Task: Retype every entry word for word.
** Opening Material shown block **
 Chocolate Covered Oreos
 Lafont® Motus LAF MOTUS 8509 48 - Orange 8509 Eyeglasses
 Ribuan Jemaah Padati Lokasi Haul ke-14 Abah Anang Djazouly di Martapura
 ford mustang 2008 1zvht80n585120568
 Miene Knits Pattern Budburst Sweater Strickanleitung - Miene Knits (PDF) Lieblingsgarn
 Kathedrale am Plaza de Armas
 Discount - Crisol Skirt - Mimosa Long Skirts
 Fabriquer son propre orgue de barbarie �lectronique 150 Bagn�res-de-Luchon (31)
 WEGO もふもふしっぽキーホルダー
** Closing Material shown block **
Output below:
 Chocolate Covered Oreos
 Lafont® Motus LAF MOTUS 8509 48 - Orange 8509 Eyeglasses
 Ribuan Jemaah Padati Lokasi Haul ke-14 Abah Anang Djazouly di Martapura
 ford mustang 2008 1zvht80n585120568
 Miene Knits Pattern Budburst Sweater Strickanleitung - Miene Knits (PDF) Lieblingsgarn
 Kathedrale am Plaza de Armas
 Discount - Crisol Skirt - Mimosa Long Skirts
 Fabriquer son propre orgue de barbarie �lectronique 150 Bagn�res-de-Luchon (31)
 WEGO もふもふしっぽキーホルダー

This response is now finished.